Is being so young a challenge for you when you teach, especially teaching older students?
Yes, it is. It is very difficult. You’ve got to know how to deal with people. It’s a lot of hard work but I enjoy sharing my knowledge, and working with other people. But it is difficult to communicate with people that are older than me. It’s a very different environment here compared to teaching in schools. Over here students come to me because they want to and not because they have to. And that makes a huge difference. But in Dubai, the biggest challenge would be the language barrier. There are people from everywhere here and I like that, because it’s a challenge! I have people who don’t know a word of English and they still come for diving lessons. So the way I teach them? I get into the pool and do it with them! There’s loads of different ways of coaching and you just need to adapt based on whom you’re teaching.

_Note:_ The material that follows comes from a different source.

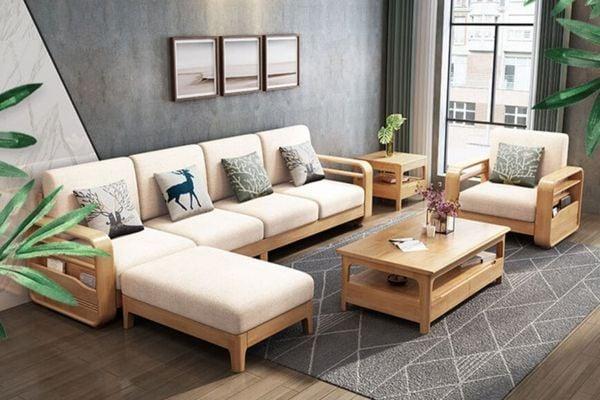 Bàn ghế sofa nệm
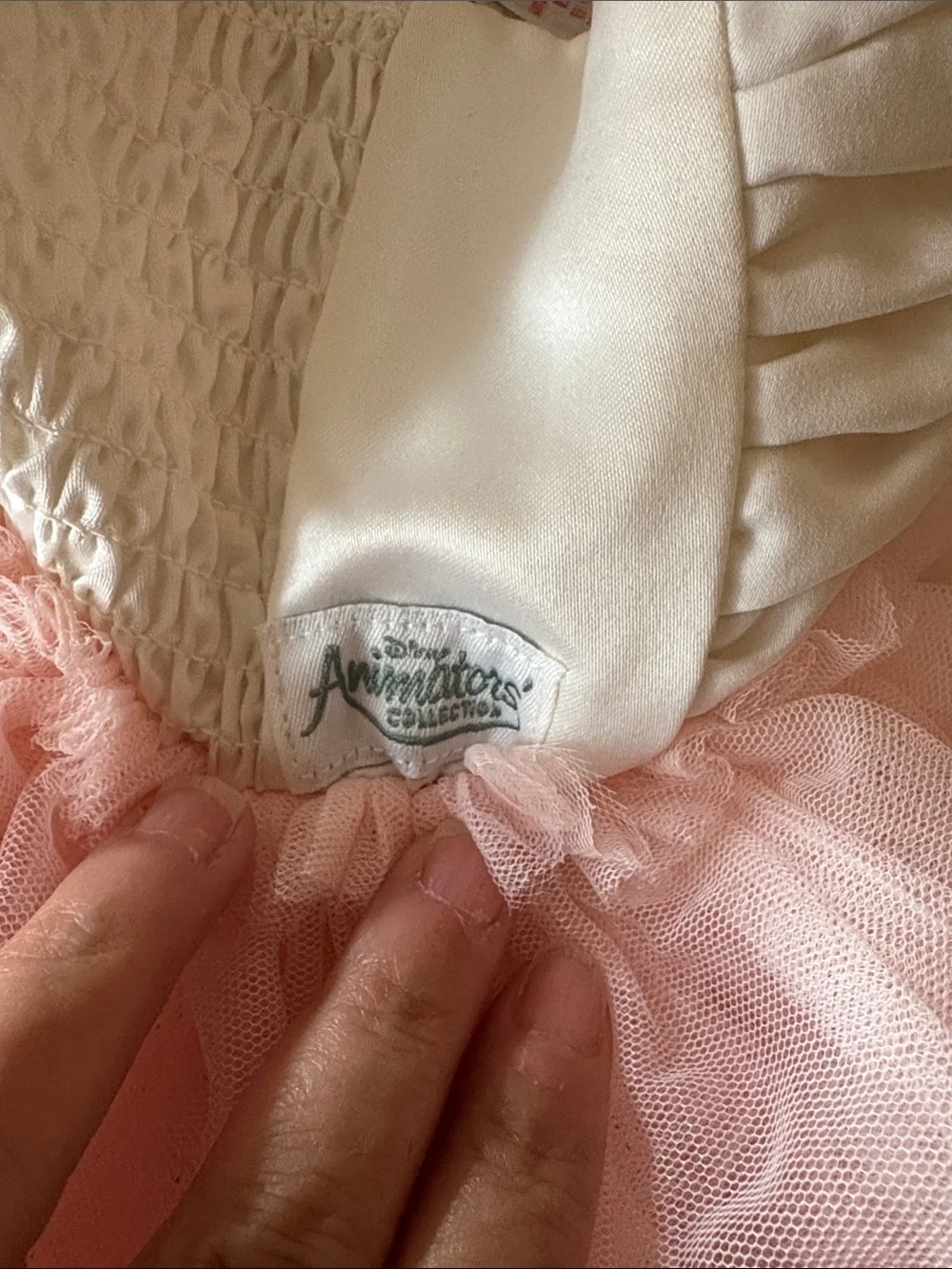 Disney Girls Pink Ballerina Tutu Dress EUC sz 3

You’ve recently competed in Orlando, Florida for the ESPN World Championship series. What was that like?
It was different. I enjoyed it. But I think I enjoyed it more because I knew it was my last competition, I wasn’t there to win it, I was there because I wanted to do it and I just wanted to enjoy the last time of being in a competition. So I had a great holiday with all the boys of the Welsh National Squad and we had a great time for 10 days. 

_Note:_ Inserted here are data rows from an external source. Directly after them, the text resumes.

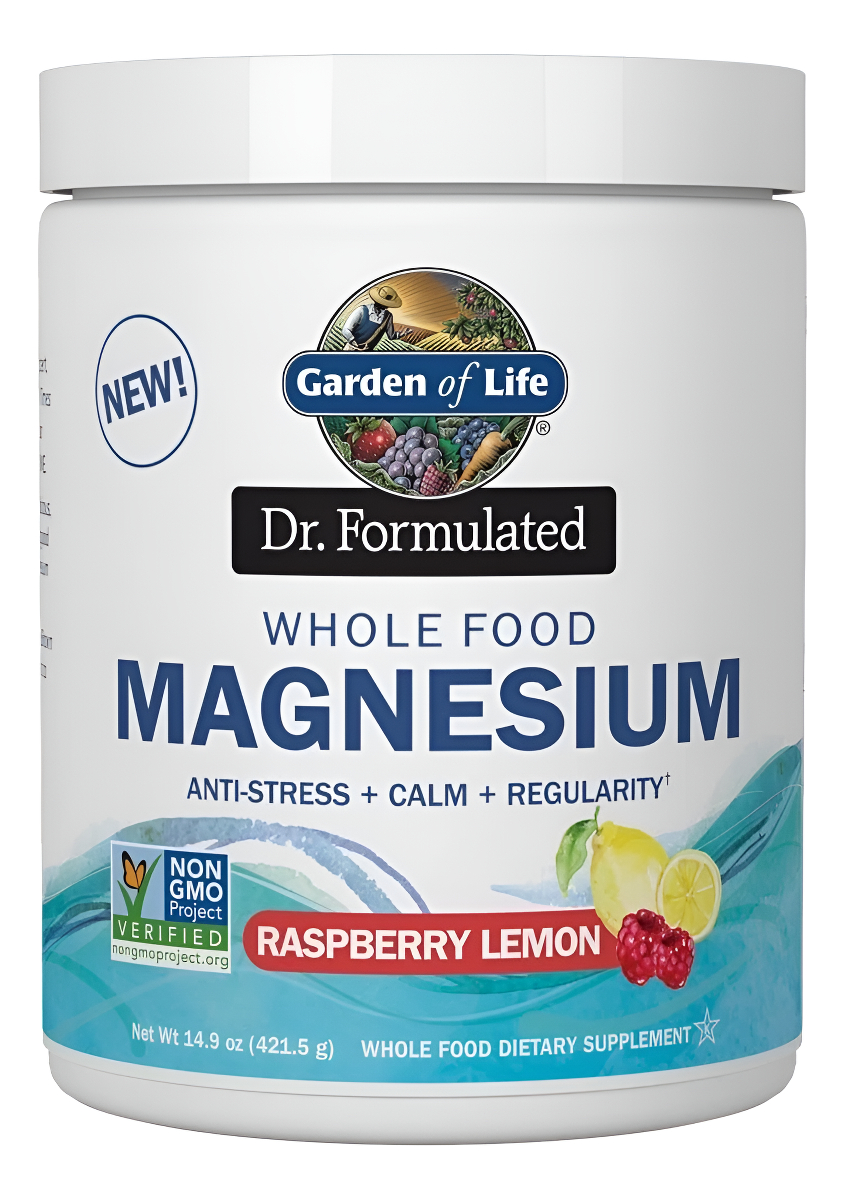 Magnesio 350 Mg Garden Of Life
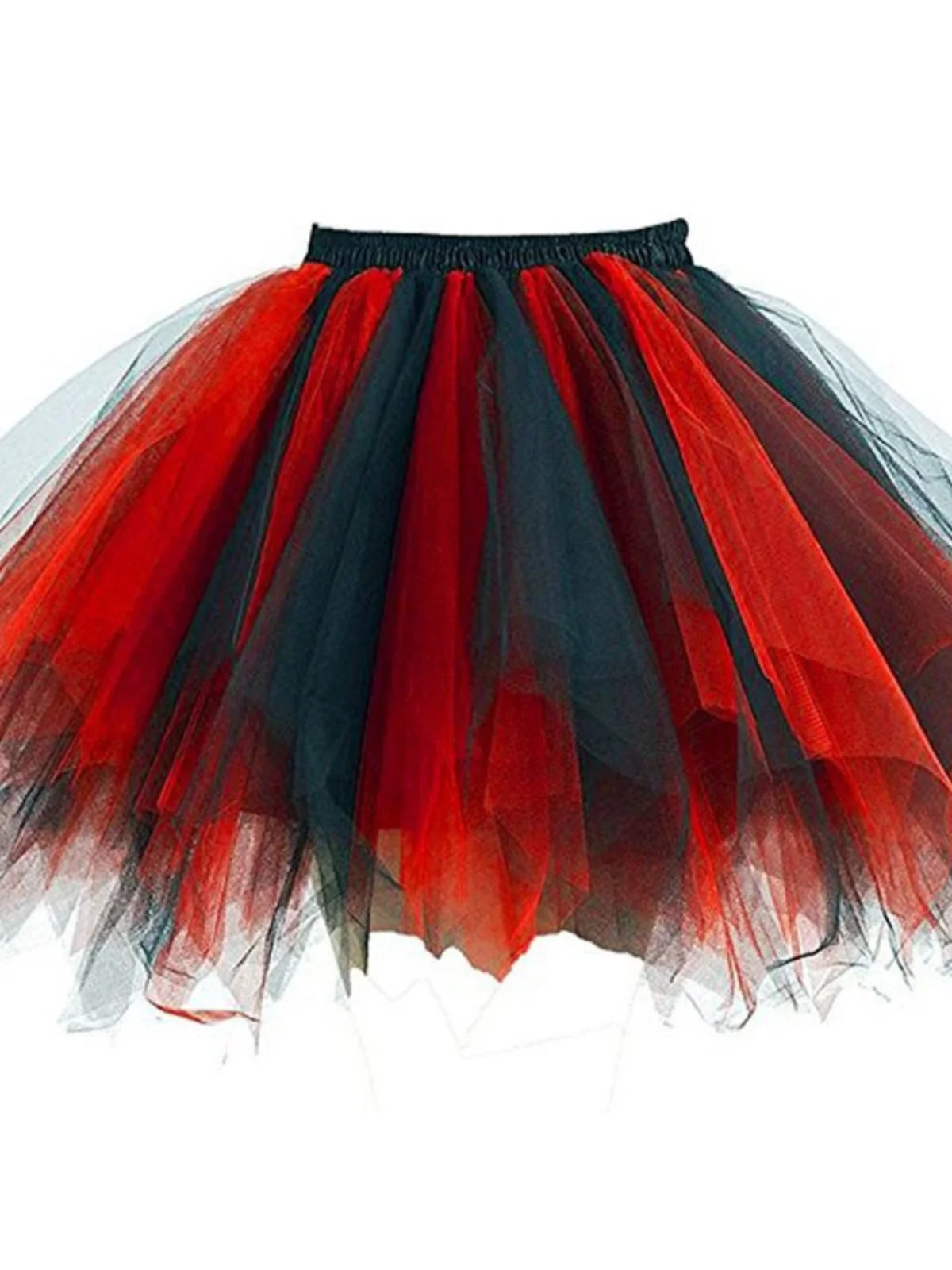 

Women's loween Festival Me f Skirt Puffy Par Gown Skirt Pure Color Print Other Material 00% Summer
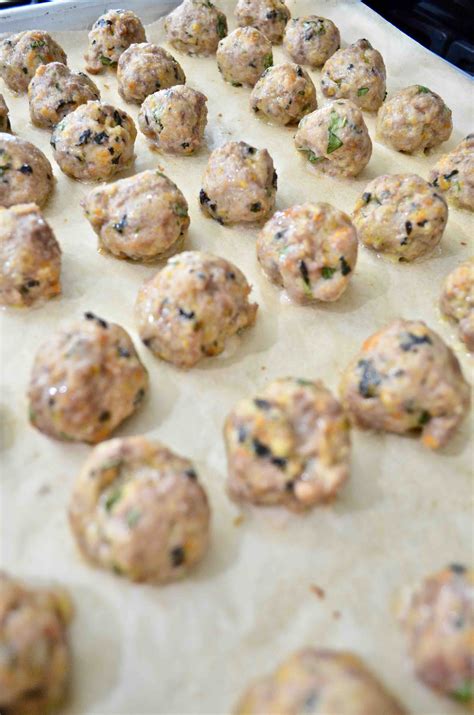 Kid-Friendly Meatballs with Secret Veggies - From Scratch with Maria
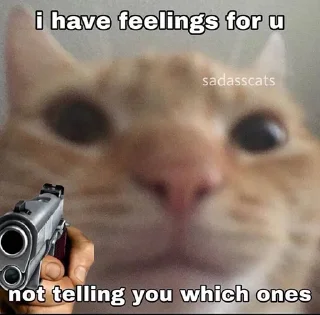 Sticker хочу чизбургер - 2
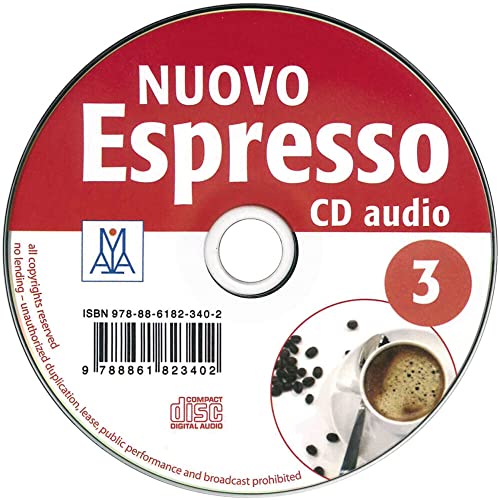 Nuovo Espresso 3 - einsprachige Ausgabe: corso di italiano / Audio-CD Nuovo Espresso 3 - einsprachige Ausgabe: corso di italiano / Audio-CD von Hueber Verlag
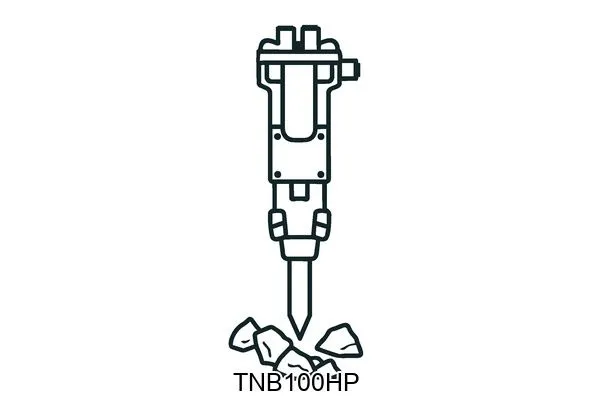 TNB100HP Hydraulic breakers & components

“You’ve got to play by your own rules. You’re as good as you are and as good as you want to be.”

Was there any pressure, it being your last competition?
Yeah, there’s always pressure because you don’t want to finish on a bad note. I wanted to go out on a good one and be proud of myself that on the last competition, I landed on my feet! I did quite well, I got 7th on high bar, which I was happy with.

And what about the banana sandwiches?
(laughs out loud) Ohhh! Banana sandwiches are amazing! A good friend Clinton, who was our World Series gymnast, introduced me to them and this was his mum’s special. We were at a competition one day, a long time ago, and I was very nervous. He handed me one and told me to try it and it was fantastic! All of a sudden my mental attitude changed and I had some energy! And since then it’s been a little ritual of mine. Clinton would bring me my banana sandwiches and in return during training sessions, my mum would always make him sandwiches! People have teddy bears and do some things before competitions, but banana sandwiches seem to have worked for me, doesn’t matter where you are in the world!

What’s in the pipeline for this year?
Well, I may be going back to the UK to do a world record – we’re going to dive a marathon! So you’ve got to get up a pool, run up the stairs to the top of the 10m and dive off it. There’s a team of 10 of us doing it and we will attempt to do 4,600 dives in 26 hours across 10 different facilities in the UK. So that’s 46 dives an hour per person! We’re going to try and do it for charity as well.

What’s a regular day like in Tom Roberts’ life?
Right now, it’s a lot of paper work! I wake up at 9 am and then I’m mostly doing paperwork and accounts since it’s a new club. Then I try to do some promotion as well and also work with a company called DuDive and teach for 4-5 hours a day. Then I come home and eat and train for 2-3 hours a day but sometimes it’s really hard since I don’t get to hit the gym till about midnight! I usually go to bed around 1:30 – 2:00 am.

Do you think working so much will burn you out soon?
I don’t know. I hope this excitement never ends! I’m living in my dream world right now. I mean, I’m living in one of the best countries in the world, I am the manager and director of the world’s best diving facility, I’m driving a really fast car, I live on the 65th floor – life doesn’t get better. And the most important thing is I enjoy my work!

How do you keep grounded ?
(Pauses for a few seconds pondering) I don’t know… I just… I really don’t know.